It is one of the fascinating things about Gandhiji that he developed from this position—a lawyer petitioning the Raj—to that of swaraj (self-rule), which finally went beyond the political. But it is also a fact that in his words Gandhiji seldom ceased to face the West. It is difficult today; it was impossible then. It was only in his evolving practice—including the garb Churchill never understood— that he consciously ignored the West and faced only his own peoples.
Unless this fact is borne in mind, all biographies of Gandhi will end up being biographies of Ghandi.
I am sometimes asked by aspiring writers to suggest a reading list. I tell them: Read as widely as possible. So here is something for those of you who like chick lit.
Susan Hatler, who writes humorous and emotional “young adult” novels, is out with her latest: The Boyfriend Bylaws. It is about Melanie Porter, who has been dumped—again. When others accuse her of “being in love with being in love”, she agrees to let her best friend, Patti, step in and direct her dating life with “the Boyfriend Bylaws”.
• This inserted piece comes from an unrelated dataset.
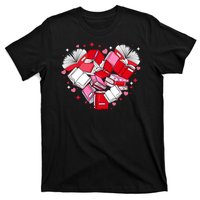 Valentine Book Lover Heart Shape Librarian Bookworm Costume T-Shirt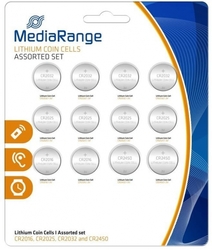 MediaRange Premium lithium baterie CR2016|CR2025|CR2032|CR2450 set, 12ks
Kris Saknussemm’s new novel, Enigmatic Pilot, belongs to the category of fantasy literature. Its protagonist is a six-year-old boy who could not possibly exist in real life but is eminently believable—and a refreshing contrast to children in some recent non-fantasy novels who could exist in real life and remain irritatingly unbelievable. Enigmatic Pilot is a rip-roaring trip through a fantastic mid-19th century America, a “tall tale too true” written in the spirit of Mark Twain’s novelistic journeys.